Only the text belongs in the copy. Transcribe the data exactly and drop any pictures.

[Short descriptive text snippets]
==*==

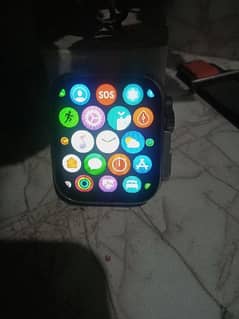 Ut800 Ultra smart watch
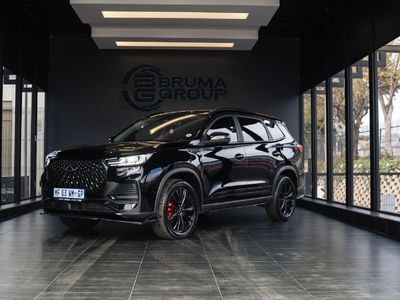 2026 Chery Tiggo 8 Pro Max 2.0 TDGi Executive DCT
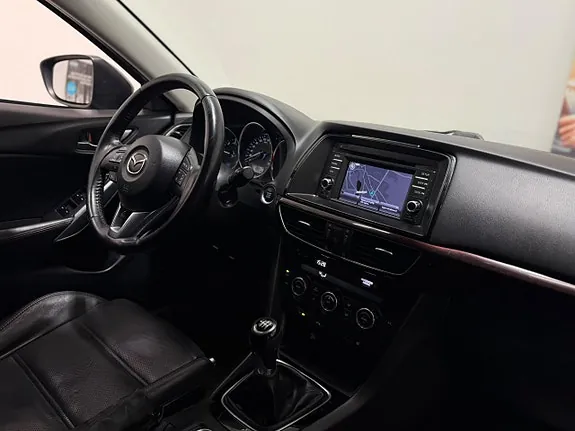 Mazda 6 2014 photo 2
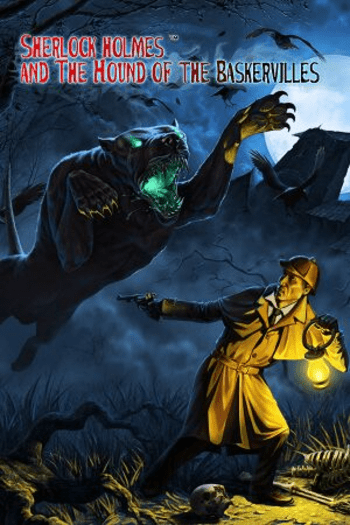 Sherlock Holmes and The Hound of The Baskervilles (PC) Steam Key GLOBAL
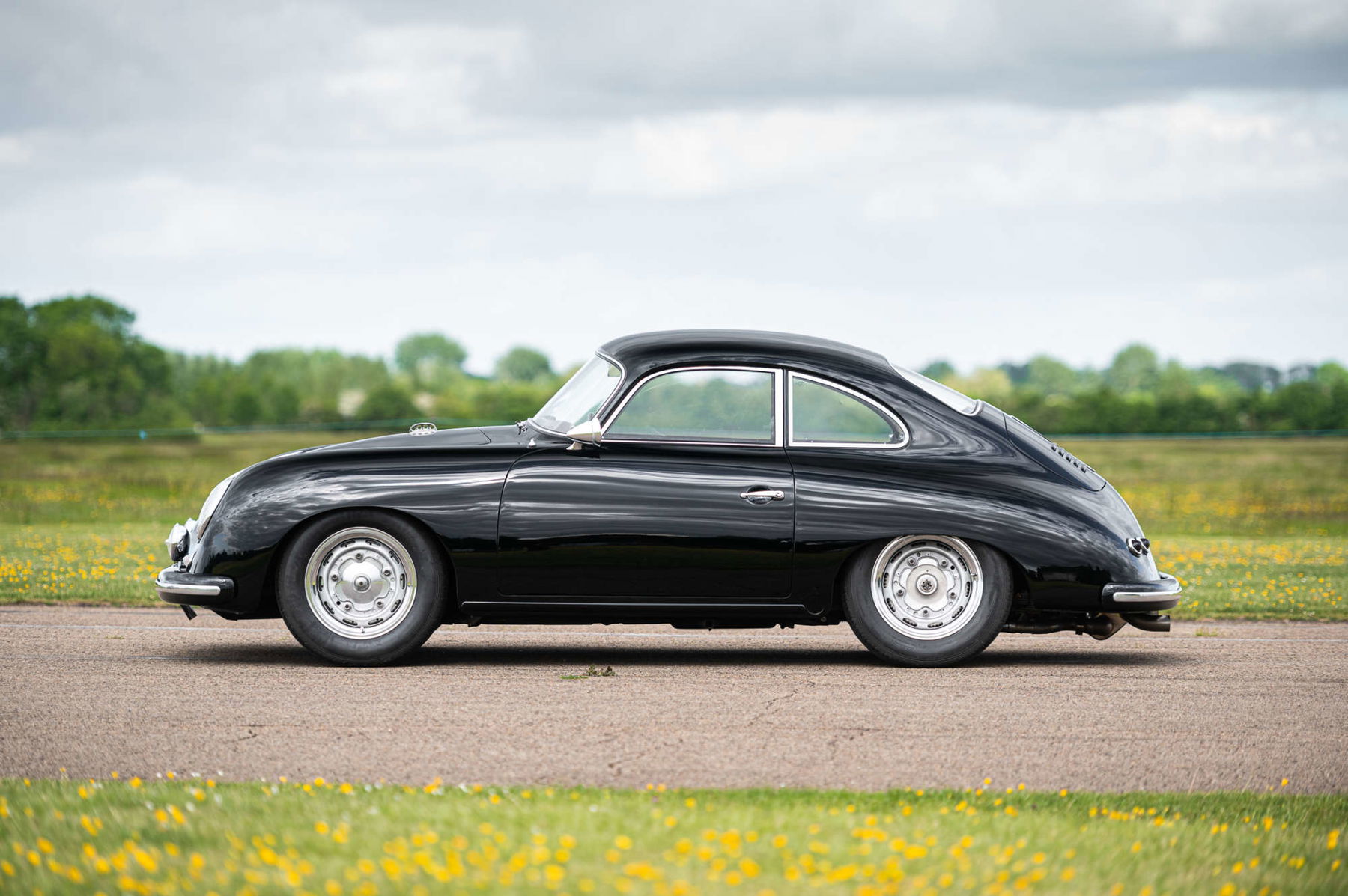 Porsche 356 outlaw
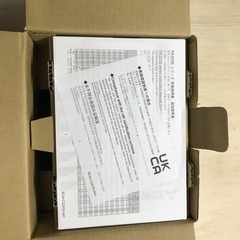 新品！三菱電機 MITSUBISHI インバーター FR-D720-1.5K  2022年製造です。  の画像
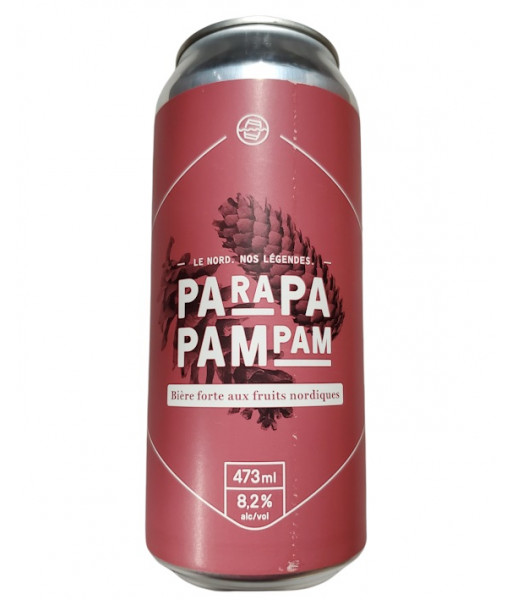 St-Pancrace - Parapapampam - 473ml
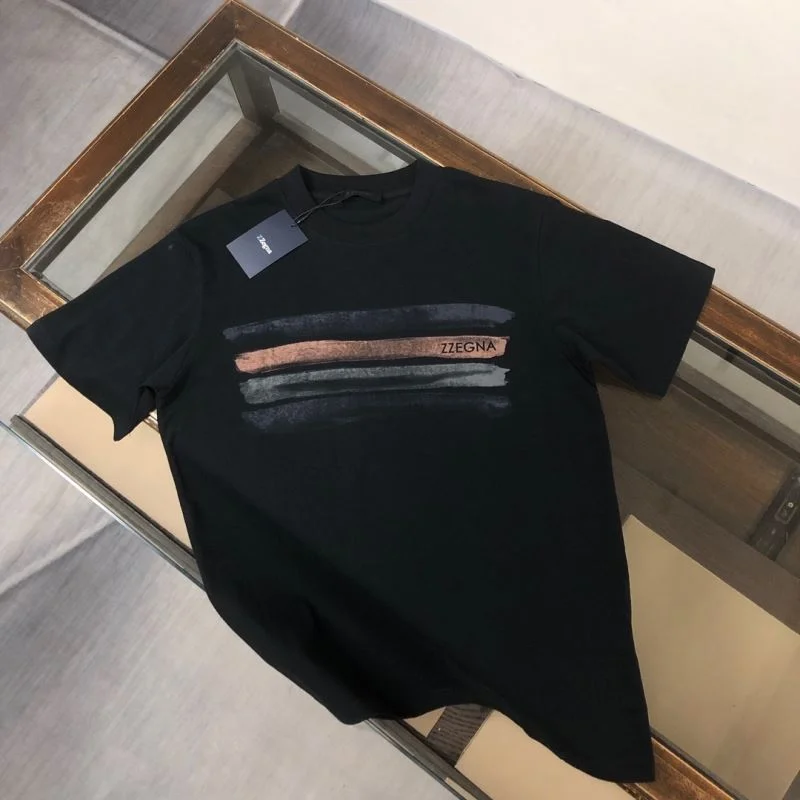 Ermenegildo Zegna T-Shirts RelaxedFit 164179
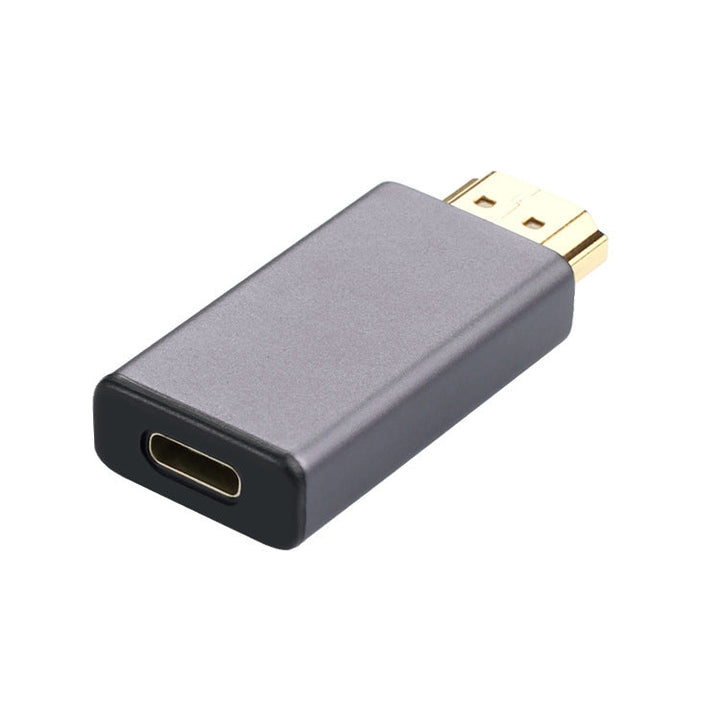 Lisslune | USB 3.1 Type-C / USB-C Female to HDMI Male Adapter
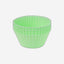 Fissman Cupcake Molds Mint 6Pc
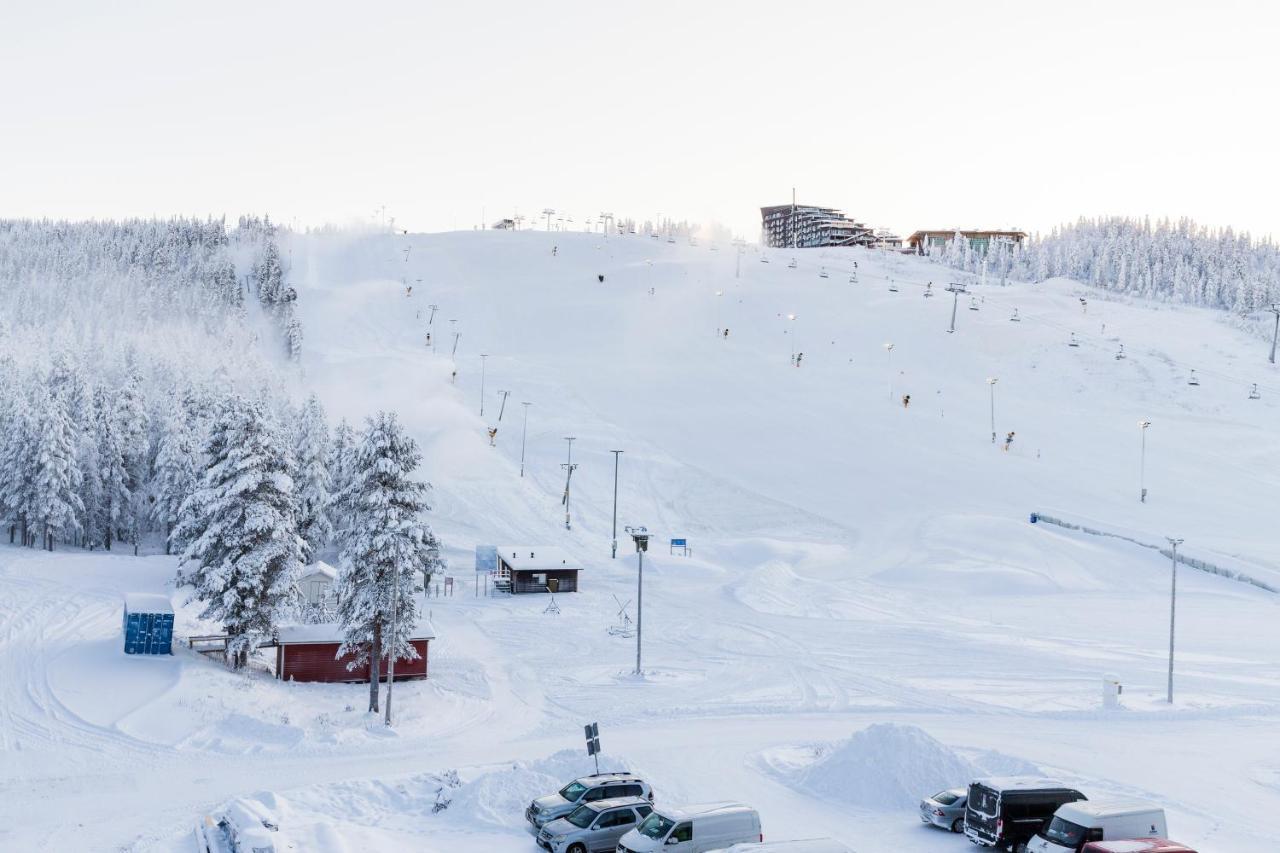 Apartmán Levin Kunkku C4 Exteriér fotografie
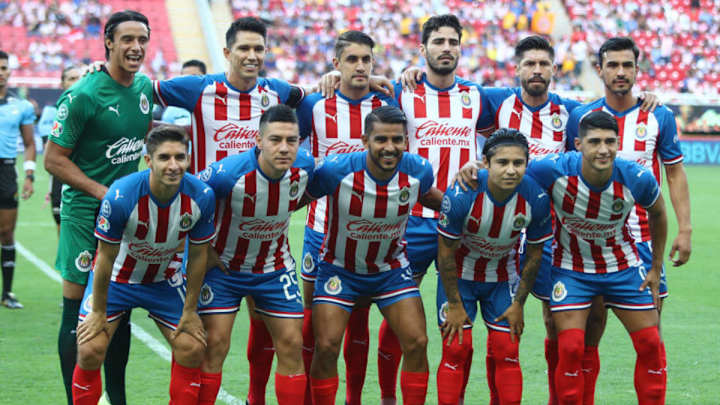 ​El 1x1 de los jugadores de Chivas en su partido de Copa ante Santos Laguna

==*==

*Worked solution*
 Ut800 Ultra smart watch
 2026 Chery Tiggo 8 Pro Max 2.0 TDGi Executive DCT
 Mazda 6 2014 photo 2
 Sherlock Holmes and The Hound of The Baskervilles (PC) Steam Key GLOBAL
 Porsche 356 outlaw
 新品！三菱電機 MITSUBISHI インバーター FR-D720-1.5K  2022年製造です。  の画像
 St-Pancrace - Parapapampam - 473ml
 Ermenegildo Zegna T-Shirts RelaxedFit 164179
 Lisslune | USB 3.1 Type-C / USB-C Female to HDMI Male Adapter
 Fissman Cupcake Molds Mint 6Pc
 Apartmán Levin Kunkku C4 Exteriér fotografie
 ​El 1x1 de los jugadores de Chivas en su partido de Copa ante Santos Laguna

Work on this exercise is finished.